• Léo Ferré
    LA MÉTHODE


    Apprendre rien c'est difficile et délicat
    Et compliqué et con et inutile
    Czerny? D'accord!
    Larousse? D'accord!
    La Géo? D'acc!
    La pharmacopée?
    Demandez à mon père c'était un spécialiste
    Il emportait avec lui des valises le sentiment barré du Codex
    Des infusions particulières qui sait?
    L'éternelle jeunesse?
    - Et si je meurs?
    Il est mort!

    Apprendre rien? C'est Hamlet, tiens!
    To learn or not to learn... that is... that is... c'est con
    La méthode?

    Seul sur un chemin de chèvre à la montagne
    Au moment où il ne va plus y avoir d'arbre
    Au moment où la végétation peut s'écrire facile
    Sur une page de ton agenda
    Et puis même pas à te frapper pour le téléphone...
    Tu parles à voix basse et tu t'entends te répondre
    C'est bath! Non! Le circuit fermé
    - Allô? Le temps?
    - Yes!
    - And you?
    - Pas mal pas mal pas mal...

    Tu prends une pierre dans ta main
    Personne n'y a jamais touché... tu te rends compte?
    Une pierre vierge pour toi tout seul éternellement
    L'adultère chez les pierres que tu marries
    Comme ça très vite c'est rare c'est rare...
    Une pierre ça s'accroche... comme les étoiles
    Tu as déjà vu des étoiles à toi se barrer avec un particulier?
    Dans une galaxie de passe?
    Tu regardes un coq de bruyère qui passe en te faisant peur
    Parce que le bruit que peut faire un coq de bruyère
    Quand tu as la pierre en main
    Et qui n'a jamais touché une main humaine
    Et bien ce bruit est fantastique...
    Ça fait fouou... flouou...
    Comme Czerny... Écoute... Quel salaud!

    Tout à coup une source pas loin du glacier
    Et puis de fleurs sauvages
    A se demander vraiment... Harlem?
    Tu causes tu causes... Tu crois?
    Des fleurs noires de la Débauche ou de l'Anarchie
    Non... Des fleurs noires de pierre de l'Amour
    La Méthode?

    Apprendre tout par coeur, surtout la gueule des gens
    Et puis, tout oublier, immédiatement, comme à l'école...
    - Vous avez appris la gueule de grammaire?
    - Ouais
    - Alors?
    - Elle est vieille!
    - Comment ça fait?
    - Je t'aime Tu m'aimes J'aime J'aime J'aime

    Apprendre, oui, apprendre...
    Sentir les fumiers avant de les apprendre
    Dresser son nez faire des exercices particuliers
    Le téléphone?
    - Allô?
    Et puis tout de suite fourrer son nez dans l'écouteur
    Oh! la la la la...
    - Il n'est pas là monsieur
    - Comment?
    - Allô? Je n'entends pas mais je sens je sens...
    Et tu raccroches
    Au début c'est difficile
    On ne sait pas si tu écoutes ou si tu renifles
    Et puis petit à petit...
    Entre Dior et la merde
    Il n'y a souvent qu'une question de circuit mal branché...
    Je suis un OLFACPHONE

    Je suis un vieux corbeau qui traîne sur les fils télégraphiques
    Et j'en apprends des choses
    Les fils télégraphiques c'est un peu le cabinet de la chose publique
    Je n'ose pas décrocher la nuit parce que ça sent quand même

    La Méthode?

    ART.1 CASSER LES TÉLÉPHONES

    Les autres?
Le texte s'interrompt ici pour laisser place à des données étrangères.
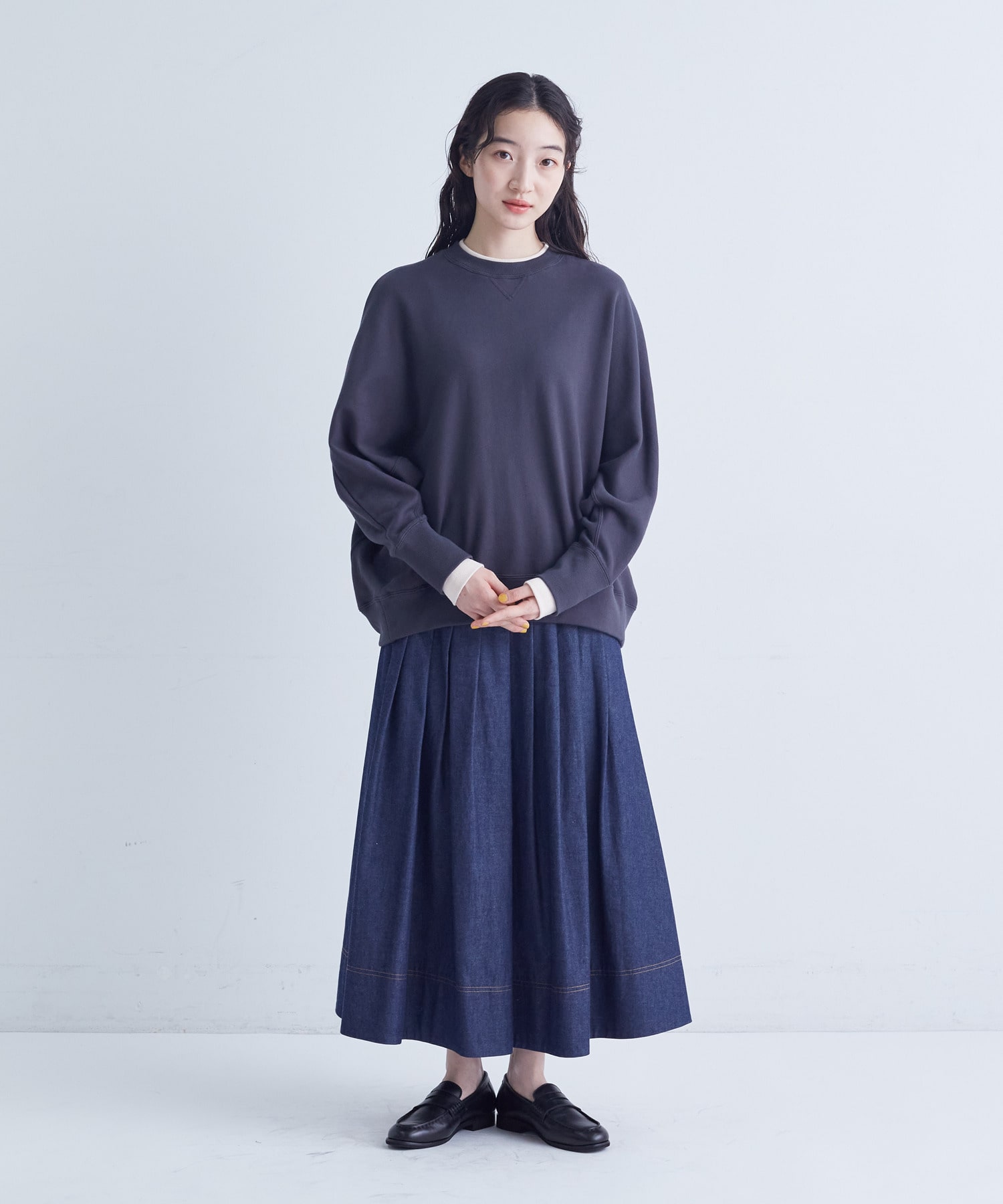 【congés payés】タックデニムスカート 詳細画像 インディゴブルー 2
L'autre?

    Les autres c'est facile: C'est toi multiplié par eux c'est clair?
    Les autres? C'est tes pantalons enfilés par eux c'est clair?
    L'autre? L'autre?
    J'y reviendrai

    ART.2 CASSER LES AUTRES

    Quand tu t'es enfilé comme ça
    Une peau de crocodile sur le sentiment
    Alors on ne t'approche plus que par ouï-dire:
    Ah! celui-là on ne sait pas qui c'est exactement
    Et tu poursuis ton chemin ta cig ou ton chien
    Si tu as le sens de la réverbération
    Les chiens ne sont pas les Autres
    Il fallait bien savoir un jour ou l'autre
    Les chiens ça réverbèrent un quelque part
    Qui est juste sur la bulle de l'Univers un peu en dehors
    Ils sont un peu en dehors les chiens

    Nous, nous bouillons dans l'Administration
    Nous sommes des administratifs

    ART.4 CASSER L'ADMINISTRATION

    Tu as deux poings?
    Frappe sur la table frappe la tête
    Tu as deux poings?
    Mets-les au bout de tes bras le long de ton corps
    Et prends des loups par la main
    Ton poing alors s'épanouira comme une fleur matinale

    Le silence que j'ai perdu
    Au bout de cette rue barrée
    Ne m'a jamais été rendu
    J'habite en-haut de ces pavés
    J'y vois des pays trop marins
    Des fleurs de filles délaissées
    Et le système de ton bien
    Allongées dans cette rue blême
    Tu passais sur moi comme un char
    C'était de la guimauve encarrossée de miel
    Alors je m'abreuvais en regardant dedans
    O les sources de brume en ces rues dévêtues...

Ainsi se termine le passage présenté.